The latest 4-week lockdown ended as the clock rolled past midnight of the 2/3 December. I don’t claim that we were on the road at 00.01, but a few hours later indeed.
We had booked a rental in Norfolk from the last week of November until mid-ish December. Lockdown #2 meant closure of holiday accommodation, and a prohibition of travel, except for “essential purposes” (seaside visits not counting). Lockdown shut its jaws over the first days of our booking.
Come December, the jaws opened, and off we went, through subdued but very wet Norfolk roads.
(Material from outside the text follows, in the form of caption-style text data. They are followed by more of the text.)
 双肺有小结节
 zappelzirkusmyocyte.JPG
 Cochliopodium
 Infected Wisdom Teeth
These mostly run through hedged banks. Drainage has not been invented hereabouts. Any heavy rainfall results in huge puddles, or perhaps more accurately local floods. The few “A” roads are often pretty narrow, but are the only thoroughfares for large lorries. They come at you at close quarters. Woe betide if you pass in one of the floods. Your vehicle is immersed in a bow, or wheel, wave of vision-obliterating water. Mind, resist the impulse to steer close to the edge of the road on your side. The carriageway has frequently crumbled into jagged potholes, more than enough to wreck a tyre or suspension.
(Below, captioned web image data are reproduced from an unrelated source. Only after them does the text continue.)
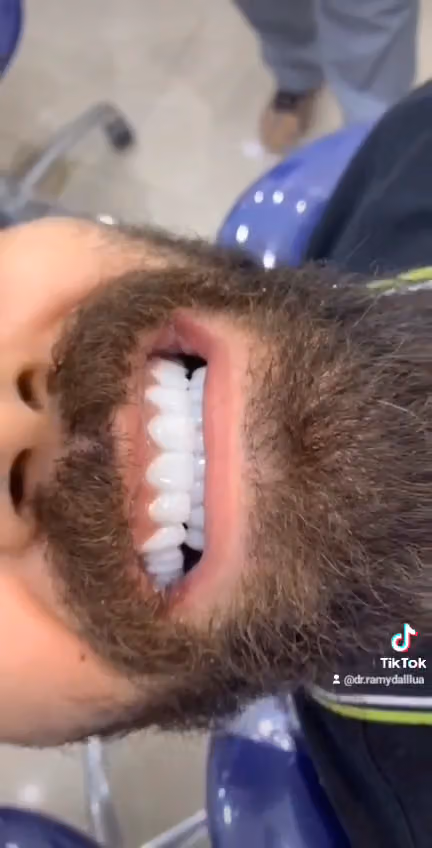 المسواك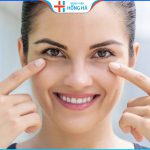 Cắt mí dưới có để lại sẹo không? 3 yếu tố gây sẹo xấu sau cắt mí dưới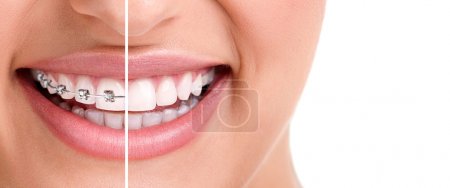 Healthy smile with braces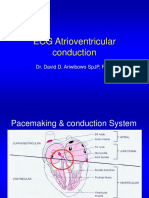 09 ECG Atrioventricular Conduction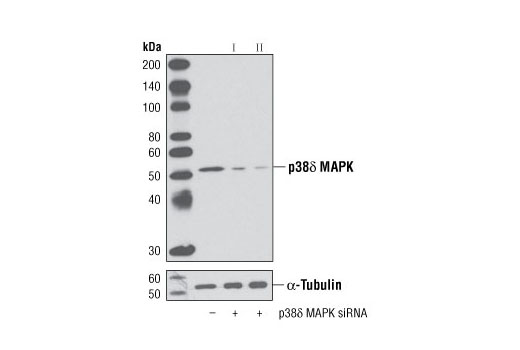 Western blot analysis of extracts from 293 cells, transfected with 100 nM SignalSilence ® Control siRNA (Unconjugated) #6568 (-), SignalSilence® p38δ MAPK siRNA I (+) or SignalSilence ® p38δ MAPK siRNA II #6601 (+), using p38δ MAPK (10A8) Rabbit mAb #2308 (upper) or α-Tubulin (11H10) Rabbit mAb #2125 (lower). The p38δ MAPK (10A8) Rabbit mAb confirms silencing of p38δ MAPK expression, while the α-Tubulin (11H10) Rabbit mAb is used as a loading control.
But back to Wells. We were last here in August, during the summer’s period of sun and optimism, though not without masks and social distancing. There was fun on the beach; adventure in Holkham Park; and reasonable normality in Holkham’s cafes and Wells’s restaurants. There was a funfair.
The place was busy, except at night…
This early December, there was no great surge of visitors, excepting weekends, when carparks filled up and fish and chips bought and consumed sitting in cars or on walls.
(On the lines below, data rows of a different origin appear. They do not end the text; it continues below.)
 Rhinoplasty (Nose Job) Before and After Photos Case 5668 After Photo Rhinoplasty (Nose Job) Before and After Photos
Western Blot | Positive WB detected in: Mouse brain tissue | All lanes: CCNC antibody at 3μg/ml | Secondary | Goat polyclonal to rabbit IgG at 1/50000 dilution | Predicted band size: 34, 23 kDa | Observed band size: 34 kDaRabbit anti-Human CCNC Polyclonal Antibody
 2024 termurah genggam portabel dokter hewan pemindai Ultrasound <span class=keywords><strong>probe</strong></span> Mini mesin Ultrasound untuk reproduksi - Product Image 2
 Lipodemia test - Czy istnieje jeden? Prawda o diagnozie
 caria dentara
Where are these day visitors from? (The rented cottages are mostly empty; the two hotels are reasonably busy, but don’t account for many people.) Have they, perhaps, snuck round the Wash from the Tier 3 Midlands?.. As the Barbour Man mentioned earlier doubtless suspected…
There’s a somewhat sad and defensive in the air now. Holkham won’t seat people in its café and demands contact details at its entrance for takeaways. Its Christmas Fayre has long socially distanced queues, causing many families to give up. Santa never sailed his boat, crewed by elves, into Wells harbour. But someone still built a creative quay-side Christmas tree, out of lobster pots.
But some things stay the same. The beaches, the forested dunes, the deer, the tides, the penetrating rain, the mist. The comings and goings of fishing boats, and honking geese.
And the town is empty, still, at night.